Records for processing
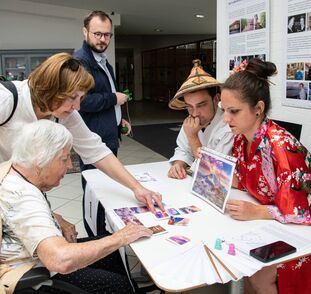 449290153_892443839582258_3382180301805901538_n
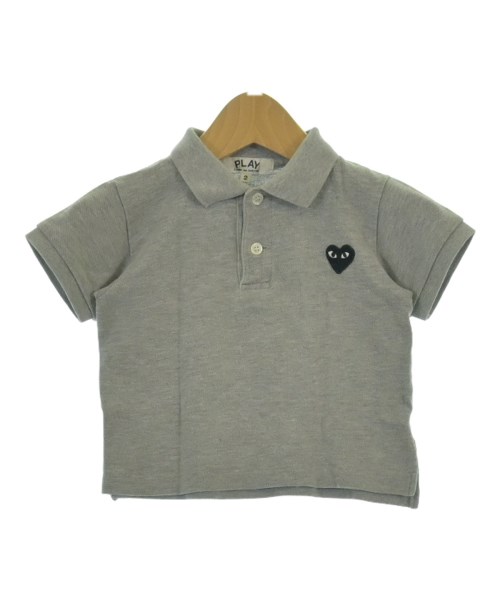プレイコムデギャルソン(PLAY COMME des GARCONS)のPLAY COMME des GARCONS Tシャツ・カットソー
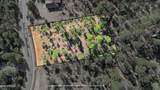 1300 Karen Way - Photo 1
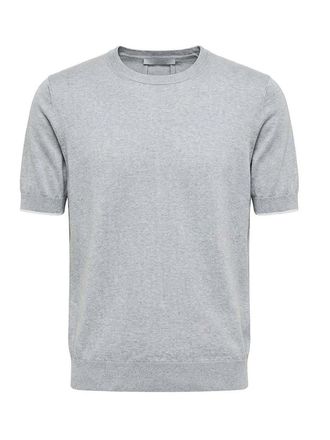 PESERICO Sweater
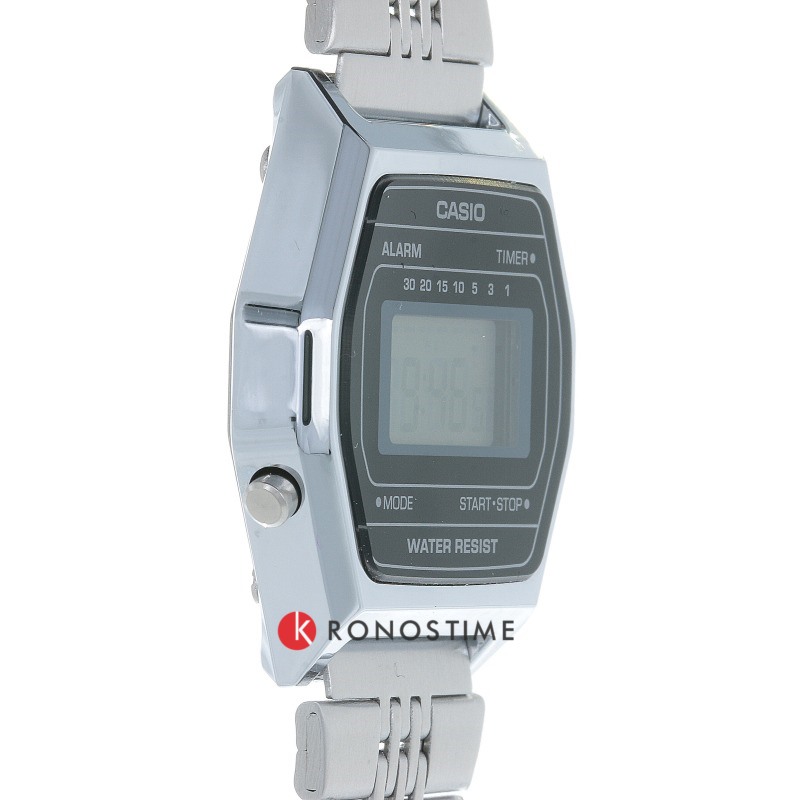 Фотография часов Casio Collection LA690WEA-1EF_29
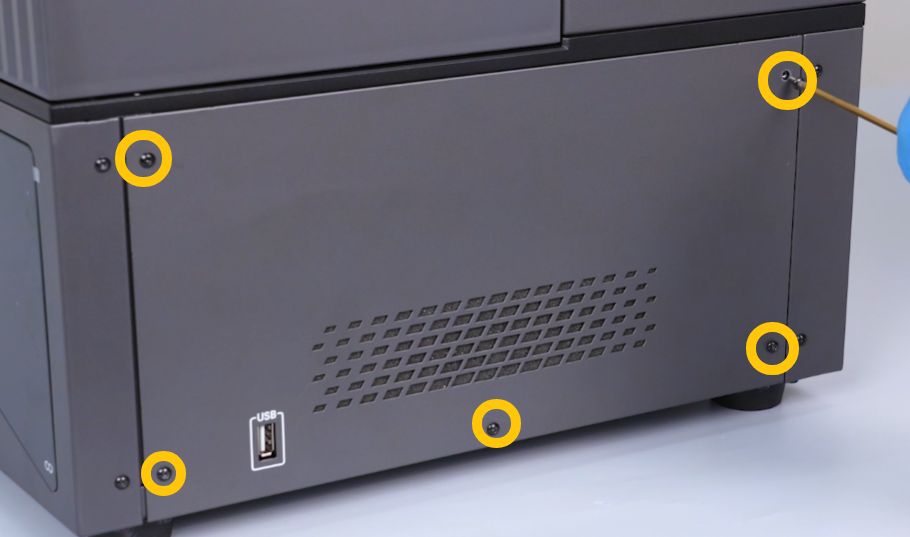 image11.png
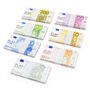 DHSUN 200 Faux Billets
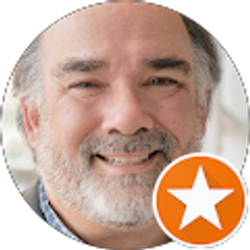 Profile photo of William Dalton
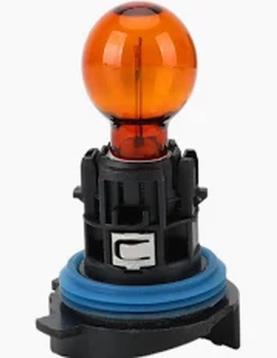 LAMPADA 12V 24W PH24WY (UNIDADE) 1607971980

Required work
Copy everything in the records above except the pictures, exactly as written.

Answer for the task
 449290153_892443839582258_3382180301805901538_n
プレイコムデギャルソン(PLAY COMME des GARCONS)のPLAY COMME des GARCONS Tシャツ・カットソー
 1300 Karen Way - Photo 1
 PESERICO Sweater
 Фотография часов Casio Collection LA690WEA-1EF_29
 image11.png
 DHSUN 200 Faux Billets
 Profile photo of William Dalton
 LAMPADA 12V 24W PH24WY (UNIDADE) 1607971980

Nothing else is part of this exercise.